Reputation: 11270
I have a simulation that consists of N steps, run sequentially. Each of these steps modifies a global state in memory, until the final step which is the result. It is possible, after a step has run, to write to disk the intermediate state that this step just computed, and to load such an intermediate state instead of starting from scratch. Writing and loading intermediate states has a non-negligible cost.
I want to run many variations of a simulation on a Slurm cluster.
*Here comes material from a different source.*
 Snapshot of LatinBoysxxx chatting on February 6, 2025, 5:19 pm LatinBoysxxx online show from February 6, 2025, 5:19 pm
Each variation will change the parameter of some of the steps.
S1 --> S2 --> S3 --> S4
run1: S2.speed=2, S3.height=12
run2: S2.speed=2, S3.height=20
run3: S2.speed=2, S3.height=40
run4: S2.speed=5, S3.height=12
run5: S2.speed=5, S3.height=80
What I want to do is for the various runs to share common computations, by dumping the intermediate state of the shared steps. This will form a tree of step runs:
S1
├─ S2 (speed=2)
│ ├─ S3 (height=12)
│ │ └─ S4
│ ├─ S3 (height=20)
│ │ └─ S4
│ └─ S3 (height=40)
│ └─ S4
└─ S2 (speed=5)
├─ S3 (height=12)
│ └─ S4
└─ S3 (height=80)
└─ S4
I know I can get the result of the 5 runs by running 5 processes:
run1: S1 --> S2 (speed=2) --> S3 (height=12) --> S4
run2: (dump of run1.S2) --> S3 (height=20) --> S4
run3: (dump of run1.S2) --> S3 (height=40) --> S4
run4: (dump of run1.S1) --> S2 (speed=5) --> S3 (height=12) --> S4
run5: (dump of run4.S2) --> S3 (height=80) --> S4
This reduces the computation from 20 steps using a naive approach, to 13 steps with 3 dumps and 4 loads.
Now, my question is how to model this with Slurm, to make the best use of the scheduler?
One solution I can think of, is that each run is responsible to submit the jobs of the runs that depend on it, after the dump of the intermediate state. Run1 will submit run4 after dumping S1, and then it will submit run2 and run3 after dumping S2, and run4 will submit run5 after dumping S2. With this solution, is there any point in declaring the dependency when submitting the job to Slurm?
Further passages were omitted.